D’autres éléments rapportés par les missions viennent convaincre la communauté scientifique que si la Lune est pourvue d’eau, ce n’est qu’en très faible quantité. Par exemple, les instruments de mesure montrent que l’atmosphère de l’astre compte moins d’1 % d’eau. Et l’observation des roches souligne une part vraiment infime d’eau.
Toutefois, certaines découvertes à cette époque indiquent que la quantité d’eau pourrait être plus importante, mais elles sont globalement ignorées. C’est le cas des résultats de la mission soviétique Luna 24, en 1976. L’examen d’un prélèvement de carotte lunaire montre que si la proportion d’eau ne dépasse pas 0,1 % en surface, elle augmente avec la profondeur. Malgré tout, l’hypothèse majoritaire restera celle d’une quasi-absence d’eau…
Années 2000 : de la glace surtout, beaucoup de glace !
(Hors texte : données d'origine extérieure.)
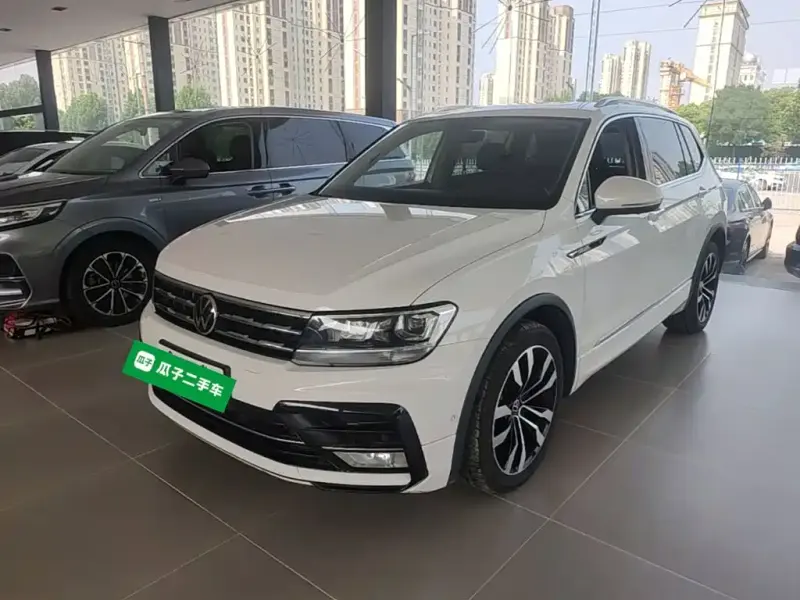 Volkswagen Tiguan L, 2021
2007, cela fait 30 ans qu’une vaste majorité est convaincue que la Lune est sèche, mais la révolution est déjà en marche. Des découvertes majeures commencent alors à faire bouger les lignes. La première revient à la sonde lunaire indienne Chandrayaan-1. En 2008, elle lance un spectrographe (instrument de mesure infrarouge) sur le cratère de Shackleton, au pôle sud de la Lune, qui atteste finalement de la présence d’hydrogène.
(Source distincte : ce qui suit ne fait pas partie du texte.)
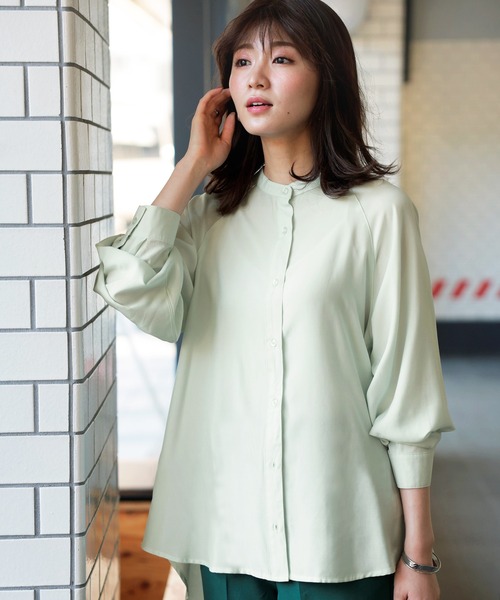 GeeRA(ジーラ)の「バックフリルブラウス(シャツ/ブラウス・レディース・オフホワイト/ライトグリーン・MEDIUM/LARGE)」の5枚目の写真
Deuxième révélation : les échantillons de roches lunaires rapportés par Apollo sont de nouveau analysés avec les techniques modernes. La concentration en eau s’avère relativement importante au centre de la roche.
La NASA met également sa pierre à l’édifice. En 2009, le vaisseau LRO (Lunar Reconnaissance Orbiter) observe à son tour le cratère de Shackleton. Conclusion : la surface de cette zone serait composée à 22 % de glace.
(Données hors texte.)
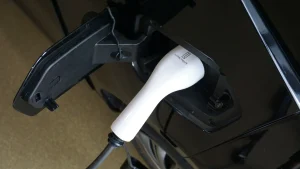 elektrische brommobiel opladen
Aujourd’hui… et au-delà : à 384 400 km sur votre gauche, station d’approvisionnement
Et après plusieurs révélations dans le même sens, les retours de la mission SOFIA de la NASA viennent aujourd’hui enfoncer le clou. Les résultats ont ainsi été présentés le 26 octobre 2020. Pour la première fois, de l’eau est observée en surface, et pas uniquement sur des territoires froids et ombragés. Des molécules d’eau ont ainsi été détectées dans le cratère Clavius, dans l’hémisphère Sud. Et les chercheurs estiment que la quantité d’eau serait bien plus grande qu’envisagée auparavant, posant alors de nouvelles interrogations. Comment de l’eau peut-elle se créer dans ces conditions particulièrement arides ? Elle pourrait résulter de chutes d’astéroïdes.
Mais surtout, est-elle facilement accessible ? Car si une technique d’extraction est élaborée, l’eau lunaire pourrait être exploitée comme ressource pour de prochaines missions spatiales habitées. La Lune servirait alors d’étape de réapprovisionnement aux vaisseaux en voyage vers Mars.